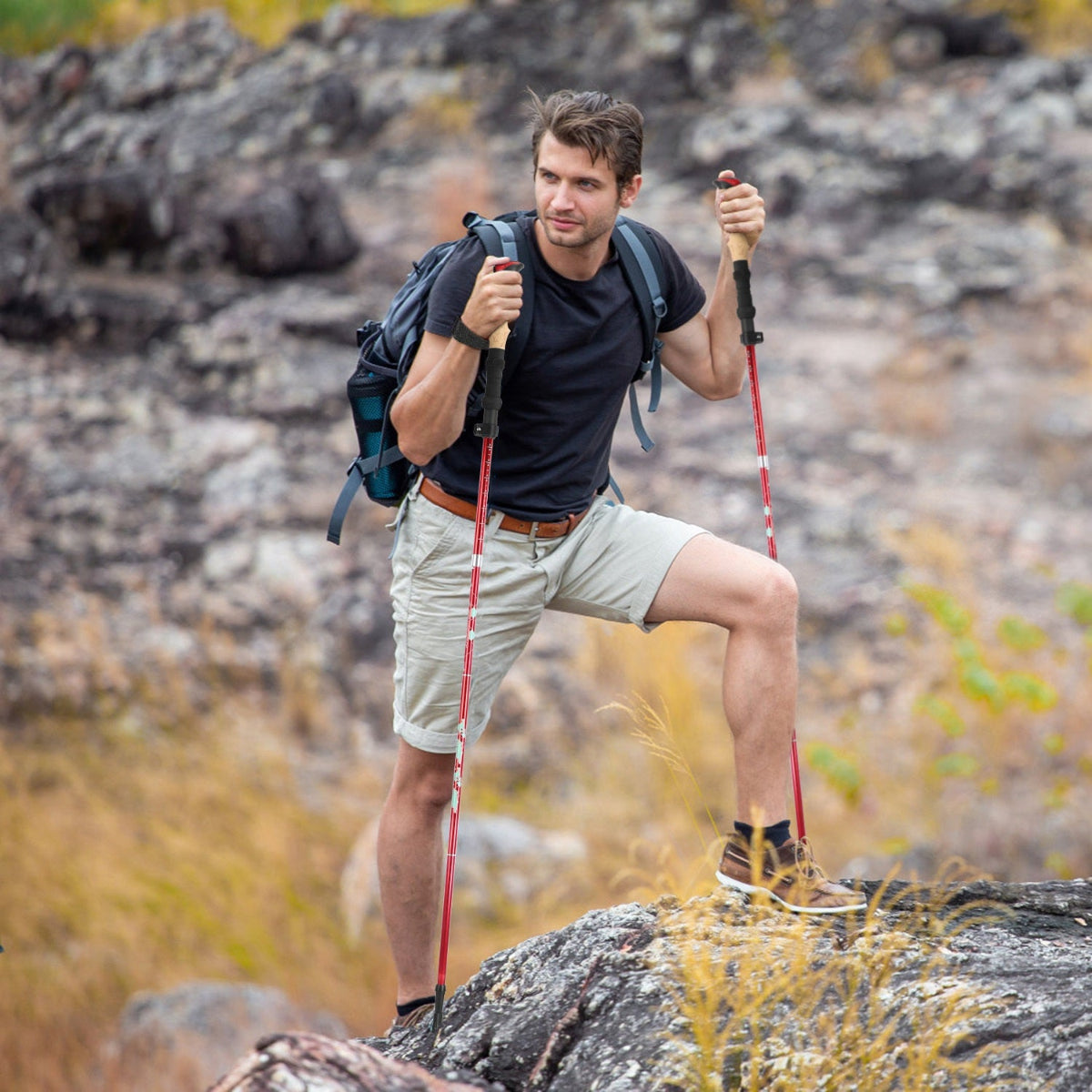 Man hiking on a rocky trail with backpack and red walking sticks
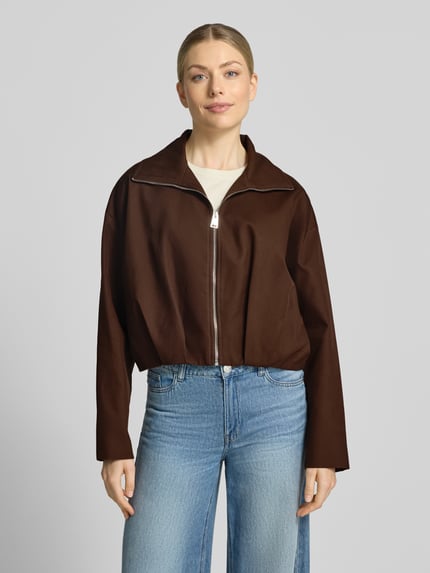 Frauenmodel trägt Blouson mit Umlegekragen Modell 'DANTES' von MANGO aus reiner Baumwolle in Braun, Reißverschluss, Ganzkörperansicht von vorne.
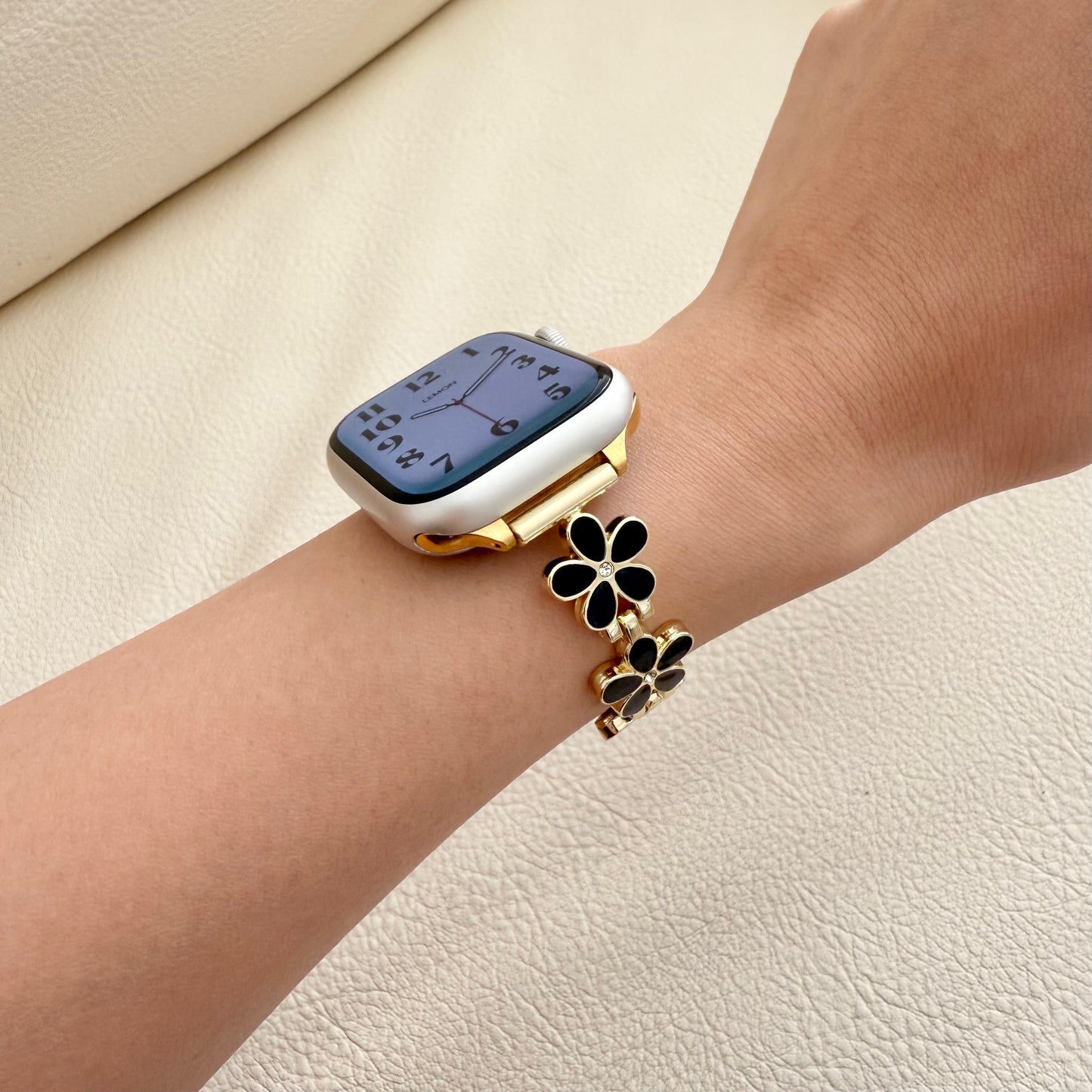 gold APPLE watch bracelet with floral on wrist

• **Task item**: Take the line with "Frauenmodel trägt Blouson" and each line after it through the end of the material above, and reproduce them exactly, both ends included, without pictures.

• **Worked solution**:
 Frauenmodel trägt Blouson mit Umlegekragen Modell 'DANTES' von MANGO aus reiner Baumwolle in Braun, Reißverschluss, Ganzkörperansicht von vorne.
 gold APPLE watch bracelet with floral on wrist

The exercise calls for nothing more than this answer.